A new report from Imperial College London looks at what measures are required to reduce CO2 emissions and limit the extent of man-made climate change.
Human activities like shipping, construction and industry are increasing the concentration of CO2 entering the atmosphere, which research has overwhelmingly shown is heating the planet and changing our climate.
Many studies, including those by the International Energy Agency, suggest that global CO2 emissions are set to pass 50 Giga-tonnes per year by 2050 if there is no further action by governments to reduce them over the coming years.
Now researchers at Imperial have considered what technologies and interventions are required to limit these global CO2 emissions from human activity to 15 Giga-tonnes per year by 2050, a level that many studies show could help to limit global warming to around two degrees Celsius above pre-industrial levels.
Their report concludes that reaching this target will cost $2 trillion per year by 2050, which is about one per cent of the world’s GDP in 2050, and considerably less than this if fossil fuel prices increase with time.
It will require a broad range of low-carbon technologies to be implemented across several sectors of the economy – power, industry, buildings and transport.
Report author, Professor Nilay Shah from the Department of Chemical Engineering at Imperial said: “A fundamental step will be making the power sector emit very low levels of carbon by deploying renewables, nuclear and carbon capture and storage technologies.”
The report also requires that industrial manufacturing processes, building heating systems and transport must become increasingly powered by low-carbon electricity, and that all sectors redouble efforts to become energy efficient.
“Although the transition set out in the report is likely to prove challenging, it is achievable if governments increase their actions now,” added Professor Shah.
The report was launched on 17 September, by scientists at Imperial’s Grantham Institute for Climate Change and Energy Futures Lab.
Speaking at Imperial on Tuesday, Dr Halldór Thorgeirsson, Director of Implementation Strategy at the UNFCCC, which leads the international climate negotiations, welcomed the report.
He stressed the need for governments to agree about reducing global greenhouse gas emissions at the UN climate negotiations meeting (COP 21) in Paris in 2015, saying:
“It is promising that leadership is increasingly coming from developing countries and from non-state organisations such as businesses, however we are worryingly on course to cause 4 degrees or more of global warming and there is clearly a need for a step change in behaviour from all governments.”
Both Dr Thorgeirsson and Professor Shah stressed that there is no silver bullet when it comes to addressing climate change.

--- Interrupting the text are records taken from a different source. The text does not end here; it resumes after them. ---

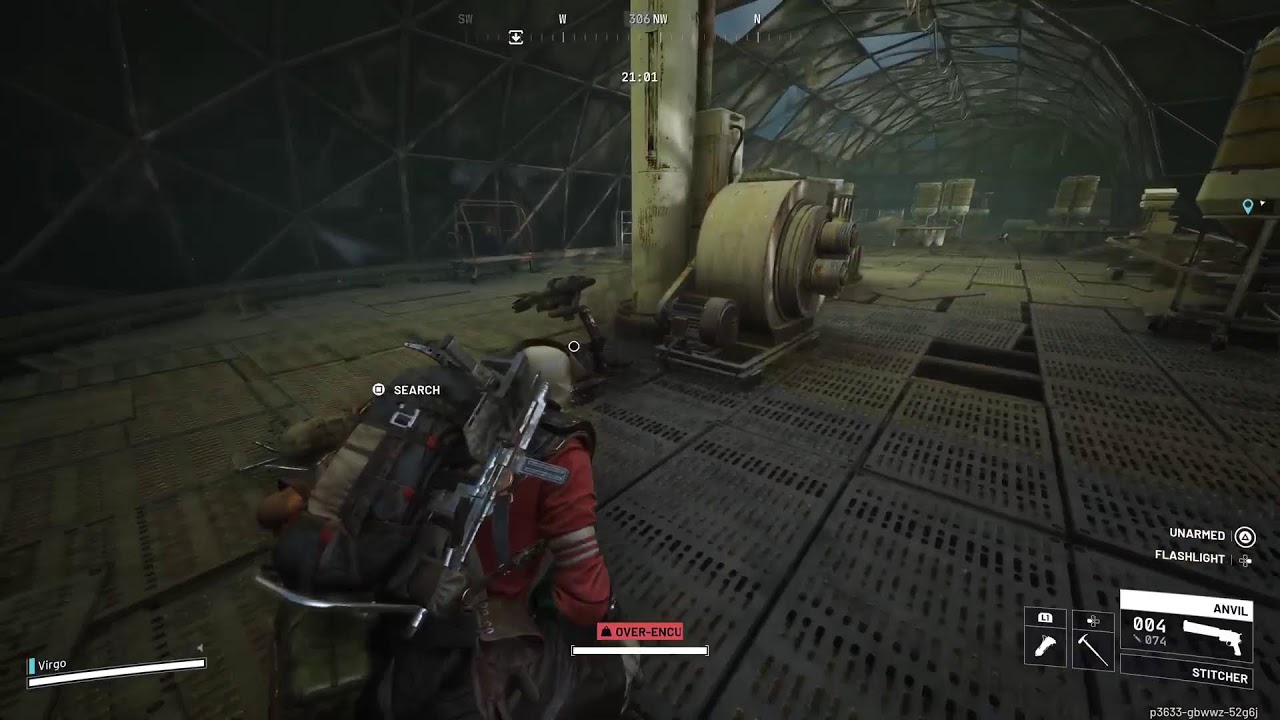 🔴Live Testing my Arc Raiders Luck😎|Unluckiest Looter🤣#Arcraiders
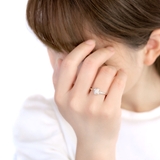 リング レディース シルバー925 | アクセサリーショップPIENA | 詳細画像5 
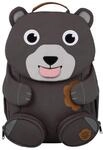 Affenzahn Gro&szlig;er Freund Kindergartenrucksack f&uuml;r 3-5 J&auml;hrige Kita Funktional...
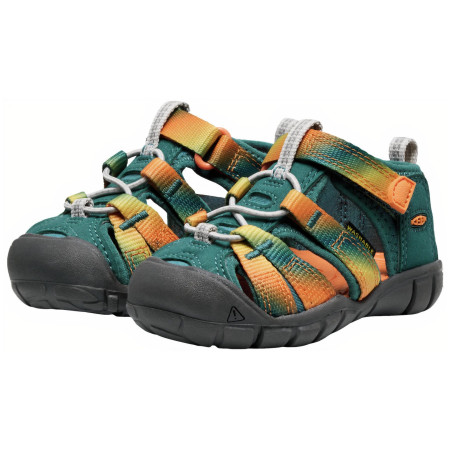 Детски сандали Keen Seacamp II Cnx Tots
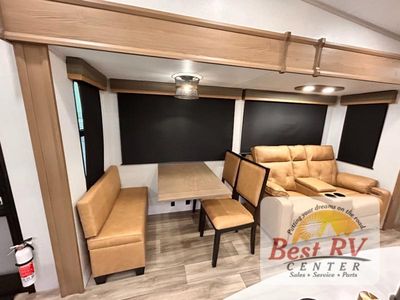 2026 Dutchmen RV Astoria - Photo 25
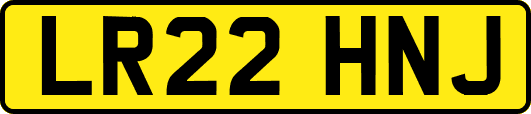 LR22HNJ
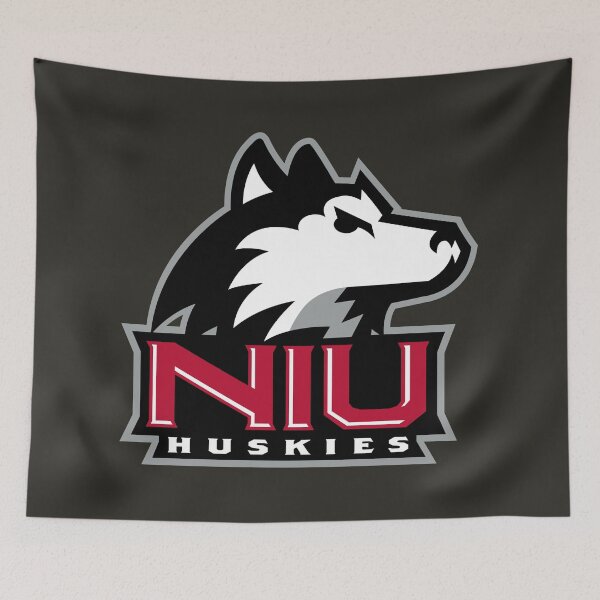 Item preview, Northern Illinois Huskies  designed and sold by rstephen.
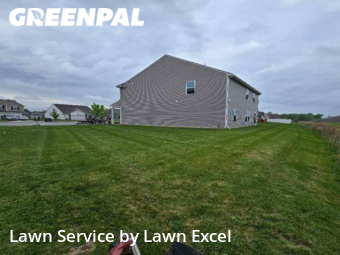 Lawn Cut nearby Indianapolis, IN, 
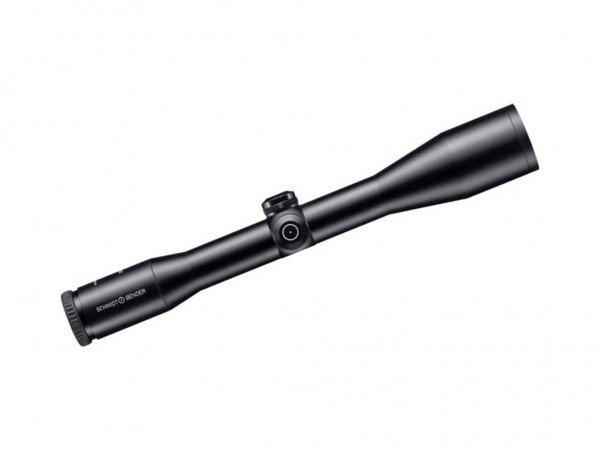 MIRA SCHMIDT BENDER 6 x 42 HUNG 30 MM  - 810644 - SCHMIDT & BENDER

“It will require concerted action from all countries and investment in a wide range of technologies to reduce emissions and limit the impacts of climate change.” said Professor Shah.
The key findings from the study are:
- If historic trends in energy usage continue, global CO2 emissions are likely to increase to around 50 Giga tonnes per year by 2050, and the global use of fossil fuels will increase by 50 per cent compared to current levels.

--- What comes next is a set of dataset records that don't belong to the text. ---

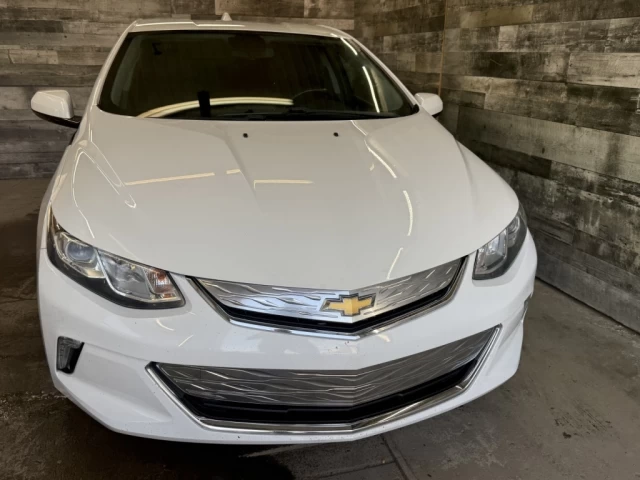 Chevrolet Volt LT AUTO BLUETOOTH **APPROUVÉ À 99.9%** 2018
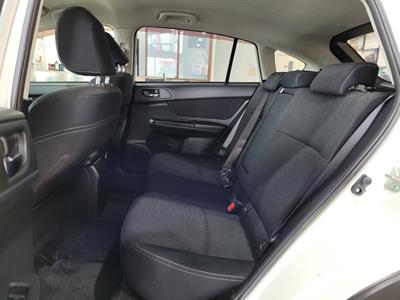 2013 Subaru XV - Thumbnail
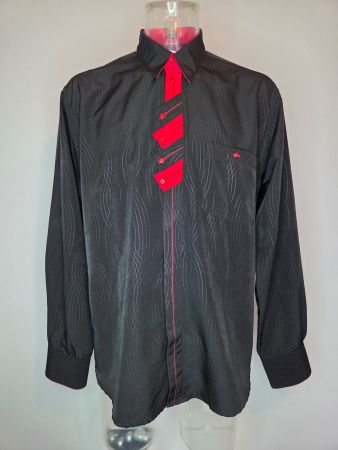 2000er Leché Hemd XL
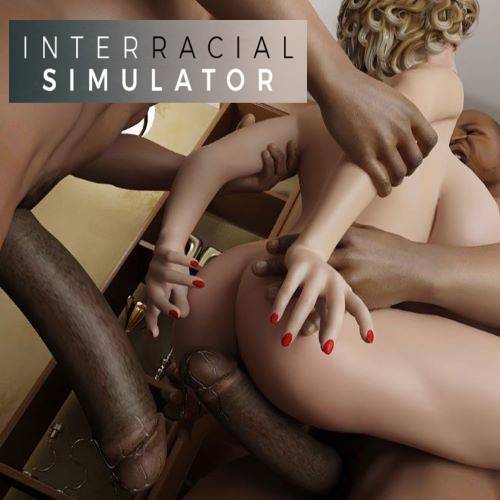 Interracial Simulator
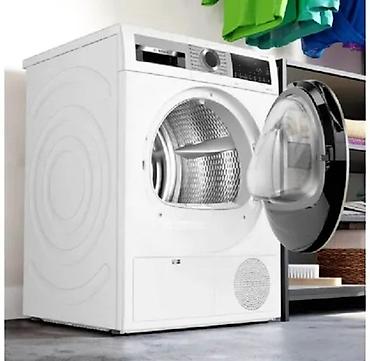 bosch kombi: Paltarqurudan Bosch WQG1420AME 🟢Rəsmi iş yeri olan və olmayanlara,tək — 2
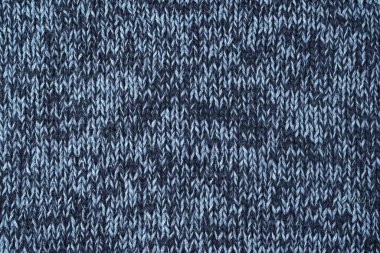 Örgü arka plan. Örgü yünlü kumaşın dokusu..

- It is technically possible to reduce CO2 emissions to the required 15 Giga tonnes per year if all countries make the transition to low-carbon societies.
- It will cost about one per cent of global GDP per year (approximately $2 trillion) by 2050 to make the required reductions, and could cost significantly less depending on the future price of fossil fuels.
- Renewables, nuclear and carbon capture and storage will play a central role in making the electricity sector nearly carbon neutral.
- Emissions from the industry, buildings and transport sectors will be reduced through increased electrification, programmes to improve energy efficiency and replacing fossil fuels with bio-fuels.
- It will be possible to achieve a 30 per cent improvement in energy efficiency by end users by 2050.
- Fossil fuel demand must be reduced by almost 40 per cent in 2050, compared to current consumption.
- Every country makes a significant contribution to the overall achievement of the low-carbon transition.